The news seems good and the market liked it, FCA’s share price in New York leaping 18 per cent on its receipt. For Ferrari it is a new dawn and the most significant change to its corporate structure since Fiat took over 45 years ago.

For the first time in years it will be responsible not to a board of management but shareholders, and this may or may not result in greater freedoms for Maranello to do as it chooses on both the road and racing car sides of its business. In theory it has achieved something close to independence from Fiat, in practice Ferrari has in fact operated effectively as an independent company within Fiat for years.

Of course for private investors the move now means there is a new Ferrari-branded accessory to add to the car in the garage, the jacket in the wardrobe and the watch on the wrist: a framed Ferrari share certificate will doubtless add even more glamour to even the most affluent of downstairs loos. And I am sure the arrangement will continue to thrive so long as Ferrari does too, especially if Marchionne succeeds in his stated ‘non-negotiable’ mission to return Ferrari to the top in Formula 1.

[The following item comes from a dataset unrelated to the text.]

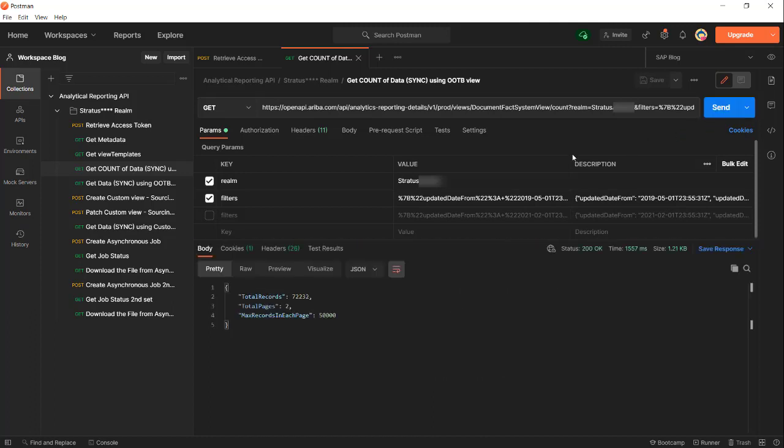So the count is returning 72,232 rows, total pages is 2, the max records in each page is 50. If we were to do this synchronously, this won't work because it will take close to five days to get 72,000 records. But with asynchronous we'll get this on the same day. Now because we know we're going to need two jobs, let's create the first job.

Perhaps of greater interest still is what this all means for the other brands that remain under FCA’s control. Marchionne’s five-year plan is brave particularly because now Ferrari is being hived off the remaining brands are not without their issues. Fiat, Chrysler, Jeep, Maserati and Alfa Romeo may all have known great times in the distant past but their more recent histories have been chequered to say the least and while Marchionne has impressively led FCA back to profitability, the company remains in debt and the job ahead – to turn FCA into a credible rival for the Volkswagen Group seems almost unimaginably vast.

To get there one thing is certain: Marchionne will need to instigate a product revolution. Marketing plays a part, and an important one too, but without the product to back it up it will only ever get you so far these days; thanks to the internet, the customer is far too well-informed to choose to put up with second, let alone third, fourth or fifth best. And the problem is that without Ferrari I cannot think of a single model from any of the aforementioned brands that is genuinely class-leading or, frankly, even close to it.

And the problem with product is that getting it right is expensive. Despite the terrifying strength of its existing portfolio (which includes Audi, Porsche, Bentley, Lamborghini, Bugatti, Skoda and Seat), this year VW will spend £10.9 billion on research and development alone. According to the Wall Street Journal, that’s £2.4 billion more than any other company on earth. By its own figures, for Marchionne’s strategy to work FCA revenues will have to better than double between now and the end of 2018 and sales increase from 4.4 million units at present to 7 million then.

Of course the bulk of the heavy lifting will be done by the American brands and Jeep in particular, but it leaves open the question of what will happen to Maserati and Alfa Romeo. The former is mid-transition and currently selling in numbers hitherto never contemplated thanks to the mainstream nature of the Ghibli saloon, though still small beer compared to its premium German rivals. The forthcoming Jeep-based Levante SUV should improve the picture further.

But Alfa Romeo? If I had a pound for every time Alfa’s been on the brink of something big, I’d be in the market for a new piggy bank by now. Its first step is to re-launch in the US with the 4C, a fabulous looking but profoundly flawed car, its next to produce a mid-sized saloon called Giulia to sell in the US, Europe and around the world. And that will be key: even the Americans might put up with a car’s limitations if it’s a recreation product, but Alfa badges alone will not be nearly enough for the Giulia. Indeed if it’s anything less than fully competitive with the best in the market – and I’m talking BMW 3-series, Mercedes C-class and potentially the Jaguar XE, it will likely struggle over here and sink without trace over there, taking a small but significant chunk of Signor Marchionne’s dream with it.